Limited Spectroscopic Fibers

SEGUE probes each line of sight with a limited number of fibers; the survey cannot spectroscopically observe every target in a field. Lower latitude pointings are closer to the plane of the Galaxy; they have many more stars and tend to be more metal rich than high latitude lines of sight. SEGUE assigns the same number of fibers to each line of sight, regardless of latitude and stellar density. This leads to a bias against low-latitude, typically metal-rich, stars in the spectroscopic sample.

In addition to latitude effects, along any given line-of-sight, there will be more faint than bright targets, as the fainter stars probe a larger volume of space. To accurately reflect the properties of the Milky Way, we must ensure that fainter spectroscopic targets are weighted more heavily in the sample, as they are representative of more stars. The spectroscopic sample must reflect the apparent-magnitude distribution of the underlying photometry along each line of sight.

We separate the spectroscopic and photometric sample into G and K dwarfs based on (g-r) color for each individual line-of-sight. We examine the distribution in r magnitude for each individual spectral type, binning up the spectroscopic and photometric targets in 0.5 magnitude bins from r of 13 to 21.5 magnitudes. We compare the number of spectroscopic targets in each bin to the number of potential targets in the photometric sample. The inverse of this ratio is the weight assigned to each spectroscopic target with a measurable [Fe/H] and S/N ≥10 to recreate the parent photometric distribution. This quantity, which we refer to as the “r-magnitude weight”, accounts for the fact that SEGUE does not have unlimited fibers.

Bin sizes of 0.5 mag ensure that we typically have multiple spectroscopic targets associated with each group of photometric stars. At the faint end of the r distribution, there are typically very few spectra with S/N of 10 or higher. Similarly, once we apply more stringent S/N criteria, there are bins at a range of r with very few targets. If there are only one or two spectroscopic targets in a bin, they will have anomalously large r-magnitude weights because they represent many, many stars observed in the photometry. To avoid this issue, we remove the stars in any r bin with only 1 or 2 spectroscopic targets from the sample.

As K-dwarf stars are more common than G-dwarf stars, and sampled more sparsely in SEGUE, these targets tend to have higher r-magnitude weights. Both G- and K-dwarf stars also have high r-magnitude weights for lines-of-sight that probe lower Galactic latitudes.

Description of the Provided Sample

We have included here the sample of SEGUE G and K dwarfs, along with their associated weights to account for SEGUE observational biases.
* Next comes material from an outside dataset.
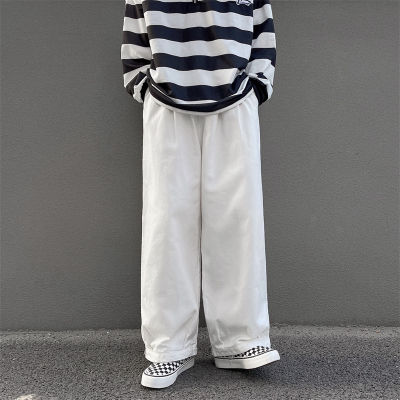Streetwear สีขาวสีขาวถุงกางเกงผู้ชายแฟชั่นญี่ปุ่นหลวมขากว้างกางเกงสีทึบฮิปฮอปฮาราจูกุกางเกงขาตรง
This sample contains the best observation for all stars that meet the criteria of a G or K dwarf from SEGUE-1. All stars with valid target selection weights (e.g., not 0) meet the following criteria:

  • Valid SSPP parameter estimates
  • At or above an appropriate S/N (see below)
  • Fainter than r0 of 15. This criteria ensures that the bright end of the sample is complete
  • More than two stars in their r-magnitude bin
  • Not flagged in the sppParams.flags as noisy or with a temperature mismatch

For each star, we provide various different target-type and r-magnitude weights:

  • Columns 14 and 15 are the weights with a S/N limit of 10. This is the largest possible sample.
  • Columns 16 and 17 have a S/N cut at 15.
  • Columns 18 and 19 have a S/N cut at 20.
  • Columns 20 and 21 have a S/N cut at 25.
  • Columns 22 and 23 have a S/N cut at 30.
  • Columns 24 and 25 have a S/N cut at 30 and require that the star has a valid SSPP determination of [α/Fe]. These weights are designed for use with the Lee et al. 2011 [α/Fe] abundance determinations.

When adjusting a sample for observational biases, you scale it by its r-magnitude and target-type weight. For example, a G-dwarf with a target-type weight of 1.5 and an r-magnitude weight of 20 should be counted 1.5×20=30 times to reflect the underlying distribution of stars. Stars that don’t meet the selection criteria (noisy, inappropriate flags, no valid SSPP values, etc.) are assigned r-magnitude and target-type weights of 0 such that they will not be counted.